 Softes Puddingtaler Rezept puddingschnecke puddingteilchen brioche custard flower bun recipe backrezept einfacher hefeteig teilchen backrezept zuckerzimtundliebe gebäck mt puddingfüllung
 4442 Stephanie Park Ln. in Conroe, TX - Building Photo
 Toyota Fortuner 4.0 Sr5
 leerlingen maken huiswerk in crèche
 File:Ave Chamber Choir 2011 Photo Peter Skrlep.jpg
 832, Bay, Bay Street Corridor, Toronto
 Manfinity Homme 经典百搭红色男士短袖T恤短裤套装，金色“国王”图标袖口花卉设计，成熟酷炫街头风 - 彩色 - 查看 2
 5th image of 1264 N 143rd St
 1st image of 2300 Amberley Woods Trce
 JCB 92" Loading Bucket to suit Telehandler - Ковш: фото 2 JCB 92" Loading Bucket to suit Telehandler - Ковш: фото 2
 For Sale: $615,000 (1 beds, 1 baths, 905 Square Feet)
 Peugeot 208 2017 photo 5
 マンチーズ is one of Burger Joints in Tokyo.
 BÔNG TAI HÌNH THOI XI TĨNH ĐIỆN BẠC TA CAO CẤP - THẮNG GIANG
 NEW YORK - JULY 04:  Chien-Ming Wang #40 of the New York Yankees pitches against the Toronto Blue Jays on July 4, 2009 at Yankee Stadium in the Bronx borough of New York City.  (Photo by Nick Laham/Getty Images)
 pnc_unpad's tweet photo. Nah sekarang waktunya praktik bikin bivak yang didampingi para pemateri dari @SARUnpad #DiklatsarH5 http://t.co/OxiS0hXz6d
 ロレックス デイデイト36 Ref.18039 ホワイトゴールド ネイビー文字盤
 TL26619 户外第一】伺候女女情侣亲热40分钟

-------

## Task description
Starting at the line that contains "Peugeot 208 2017 photo 5", copy every line down to the last line of the records above, exactly as written.

## Output of the exercise
 Peugeot 208 2017 photo 5
 マンチーズ is one of Burger Joints in Tokyo.
 BÔNG TAI HÌNH THOI XI TĨNH ĐIỆN BẠC TA CAO CẤP - THẮNG GIANG
 NEW YORK - JULY 04:  Chien-Ming Wang #40 of the New York Yankees pitches against the Toronto Blue Jays on July 4, 2009 at Yankee Stadium in the Bronx borough of New York City.  (Photo by Nick Laham/Getty Images)
 pnc_unpad's tweet photo. Nah sekarang waktunya praktik bikin bivak yang didampingi para pemateri dari @SARUnpad #DiklatsarH5 http://t.co/OxiS0hXz6d
 ロレックス デイデイト36 Ref.18039 ホワイトゴールド ネイビー文字盤
 TL26619 户外第一】伺候女女情侣亲热40分钟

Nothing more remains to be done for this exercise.